WHAT THIS TASK INVOLVES: Lines before the one holding "A bay window" are not wanted. Please copy that line and everything after it to the end of the records, exactly, skipping pictures.

EXTRACTED INFORMATION:
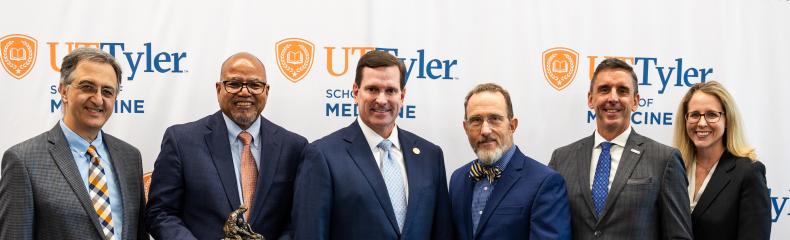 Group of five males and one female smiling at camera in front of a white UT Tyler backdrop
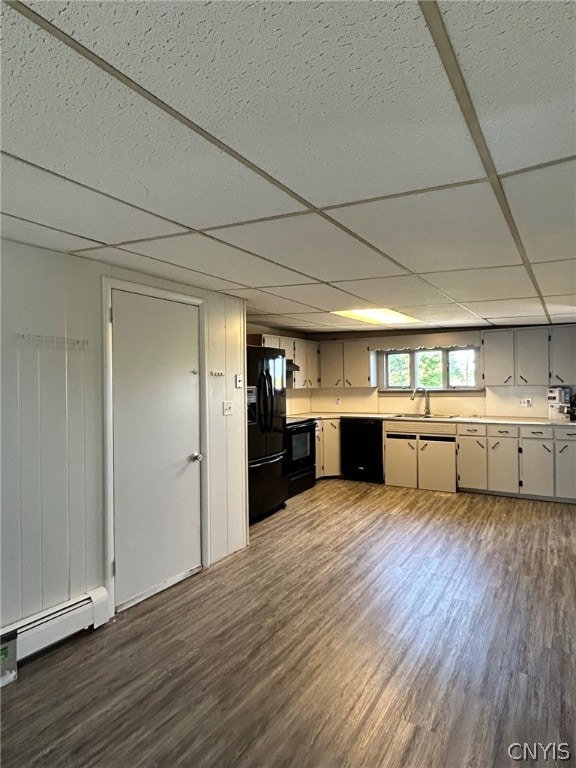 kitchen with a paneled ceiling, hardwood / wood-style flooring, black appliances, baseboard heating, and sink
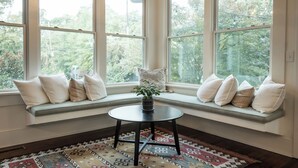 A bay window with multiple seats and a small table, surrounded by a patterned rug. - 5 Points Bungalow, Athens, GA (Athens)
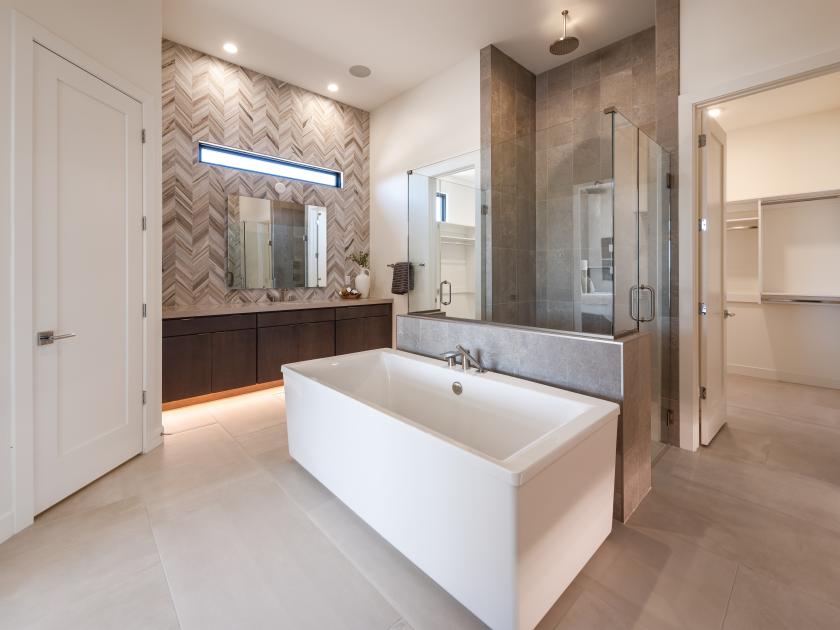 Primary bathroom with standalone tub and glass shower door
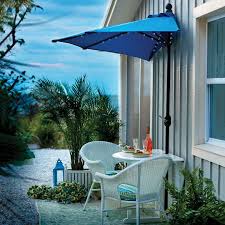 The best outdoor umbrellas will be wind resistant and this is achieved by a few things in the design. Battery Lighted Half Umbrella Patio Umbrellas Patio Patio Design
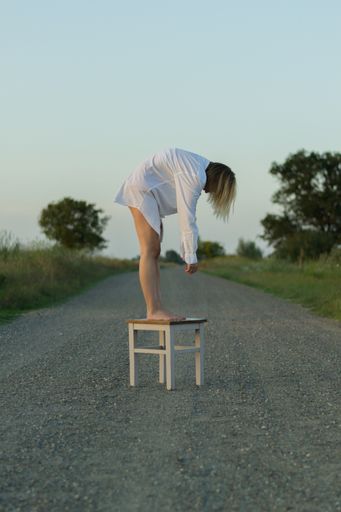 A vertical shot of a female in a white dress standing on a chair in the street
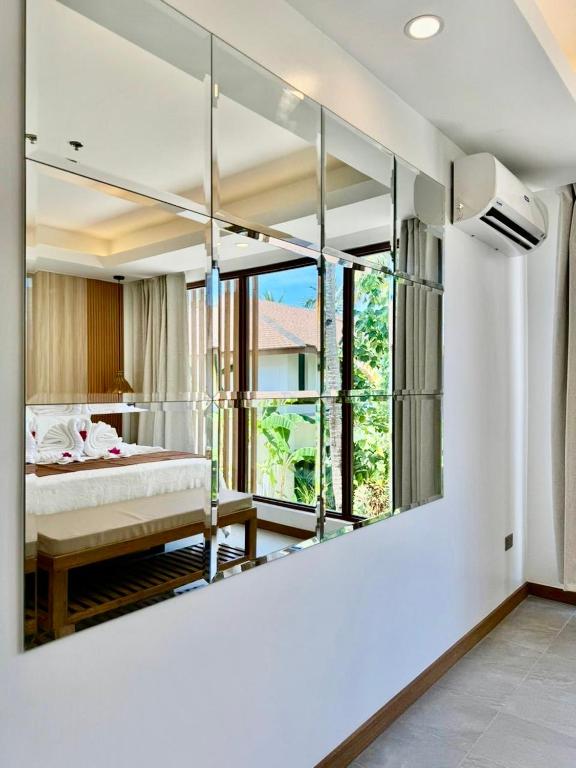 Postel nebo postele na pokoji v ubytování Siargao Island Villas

TASK RESULT:
 A bay window with multiple seats and a small table, surrounded by a patterned rug. - 5 Points Bungalow, Athens, GA (Athens)
 Primary bathroom with standalone tub and glass shower door
 The best outdoor umbrellas will be wind resistant and this is achieved by a few things in the design. Battery Lighted Half Umbrella Patio Umbrellas Patio Patio Design
 A vertical shot of a female in a white dress standing on a chair in the street
 Postel nebo postele na pokoji v ubytování Siargao Island Villas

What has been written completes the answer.